*Action item*: Once the data has been read, restate all of it exactly.

►

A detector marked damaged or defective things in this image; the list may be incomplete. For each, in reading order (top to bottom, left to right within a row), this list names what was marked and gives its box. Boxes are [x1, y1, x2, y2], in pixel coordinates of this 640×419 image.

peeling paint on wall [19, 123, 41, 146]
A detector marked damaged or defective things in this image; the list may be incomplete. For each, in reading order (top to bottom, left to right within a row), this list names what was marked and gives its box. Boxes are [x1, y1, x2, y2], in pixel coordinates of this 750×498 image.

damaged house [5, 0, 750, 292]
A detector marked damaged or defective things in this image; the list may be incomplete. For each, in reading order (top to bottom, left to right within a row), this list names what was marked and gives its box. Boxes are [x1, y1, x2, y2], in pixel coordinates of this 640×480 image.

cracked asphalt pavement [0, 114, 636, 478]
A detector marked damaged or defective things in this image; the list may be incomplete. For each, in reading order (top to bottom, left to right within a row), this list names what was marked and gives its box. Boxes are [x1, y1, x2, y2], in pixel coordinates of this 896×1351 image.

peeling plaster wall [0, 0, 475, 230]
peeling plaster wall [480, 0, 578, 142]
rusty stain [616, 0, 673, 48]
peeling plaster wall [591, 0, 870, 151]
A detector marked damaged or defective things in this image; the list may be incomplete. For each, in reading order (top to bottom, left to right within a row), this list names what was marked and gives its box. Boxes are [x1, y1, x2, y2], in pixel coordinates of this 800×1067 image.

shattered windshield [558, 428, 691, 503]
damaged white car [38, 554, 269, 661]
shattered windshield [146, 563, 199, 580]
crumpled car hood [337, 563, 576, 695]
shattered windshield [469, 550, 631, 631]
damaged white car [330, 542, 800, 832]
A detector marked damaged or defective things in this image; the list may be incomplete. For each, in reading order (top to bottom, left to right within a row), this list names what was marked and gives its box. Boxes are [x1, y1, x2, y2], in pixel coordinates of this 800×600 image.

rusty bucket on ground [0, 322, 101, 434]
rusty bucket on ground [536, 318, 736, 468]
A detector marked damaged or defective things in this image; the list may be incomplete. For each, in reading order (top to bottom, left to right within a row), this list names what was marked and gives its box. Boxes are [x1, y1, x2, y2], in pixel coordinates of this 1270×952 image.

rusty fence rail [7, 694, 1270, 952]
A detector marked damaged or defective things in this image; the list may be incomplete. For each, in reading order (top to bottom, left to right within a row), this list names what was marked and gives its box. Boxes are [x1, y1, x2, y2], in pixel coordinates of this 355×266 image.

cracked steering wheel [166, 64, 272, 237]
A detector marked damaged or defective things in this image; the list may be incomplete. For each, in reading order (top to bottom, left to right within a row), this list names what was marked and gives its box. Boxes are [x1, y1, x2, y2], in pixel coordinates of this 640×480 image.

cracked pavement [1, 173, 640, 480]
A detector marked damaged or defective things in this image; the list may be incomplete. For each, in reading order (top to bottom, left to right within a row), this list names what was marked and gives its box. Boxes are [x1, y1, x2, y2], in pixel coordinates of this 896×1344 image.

◄

*Result*:
A detector marked damaged or defective things in this image; the list may be incomplete. For each, in reading order (top to bottom, left to right within a row), this list names what was marked and gives its box. Boxes are [x1, y1, x2, y2], in pixel coordinates of this 640×419 image.

peeling paint on wall [19, 123, 41, 146]
A detector marked damaged or defective things in this image; the list may be incomplete. For each, in reading order (top to bottom, left to right within a row), this list names what was marked and gives its box. Boxes are [x1, y1, x2, y2], in pixel coordinates of this 750×498 image.

damaged house [5, 0, 750, 292]
A detector marked damaged or defective things in this image; the list may be incomplete. For each, in reading order (top to bottom, left to right within a row), this list names what was marked and gives its box. Boxes are [x1, y1, x2, y2], in pixel coordinates of this 640×480 image.

cracked asphalt pavement [0, 114, 636, 478]
A detector marked damaged or defective things in this image; the list may be incomplete. For each, in reading order (top to bottom, left to right within a row), this list names what was marked and gives its box. Boxes are [x1, y1, x2, y2], in pixel coordinates of this 896×1351 image.

peeling plaster wall [0, 0, 475, 230]
peeling plaster wall [480, 0, 578, 142]
rusty stain [616, 0, 673, 48]
peeling plaster wall [591, 0, 870, 151]
A detector marked damaged or defective things in this image; the list may be incomplete. For each, in reading order (top to bottom, left to right within a row), this list names what was marked and gives its box. Boxes are [x1, y1, x2, y2], in pixel coordinates of this 800×1067 image.

shattered windshield [558, 428, 691, 503]
damaged white car [38, 554, 269, 661]
shattered windshield [146, 563, 199, 580]
crumpled car hood [337, 563, 576, 695]
shattered windshield [469, 550, 631, 631]
damaged white car [330, 542, 800, 832]
A detector marked damaged or defective things in this image; the list may be incomplete. For each, in reading order (top to bottom, left to right within a row), this list names what was marked and gives its box. Boxes are [x1, y1, x2, y2], in pixel coordinates of this 800×600 image.

rusty bucket on ground [0, 322, 101, 434]
rusty bucket on ground [536, 318, 736, 468]
A detector marked damaged or defective things in this image; the list may be incomplete. For each, in reading order (top to bottom, left to right within a row), this list names what was marked and gives its box. Boxes are [x1, y1, x2, y2], in pixel coordinates of this 1270×952 image.

rusty fence rail [7, 694, 1270, 952]
A detector marked damaged or defective things in this image; the list may be incomplete. For each, in reading order (top to bottom, left to right within a row), this list names what was marked and gives its box. Boxes are [x1, y1, x2, y2], in pixel coordinates of this 355×266 image.

cracked steering wheel [166, 64, 272, 237]
A detector marked damaged or defective things in this image; the list may be incomplete. For each, in reading order (top to bottom, left to right within a row), this list names what was marked and gives its box. Boxes are [x1, y1, x2, y2], in pixel coordinates of this 640×480 image.

cracked pavement [1, 173, 640, 480]
A detector marked damaged or defective things in this image; the list may be incomplete. For each, in reading order (top to bottom, left to right within a row), this list names what was marked and gives its box. Boxes are [x1, y1, x2, y2], in pixel coordinates of this 896×1344 image.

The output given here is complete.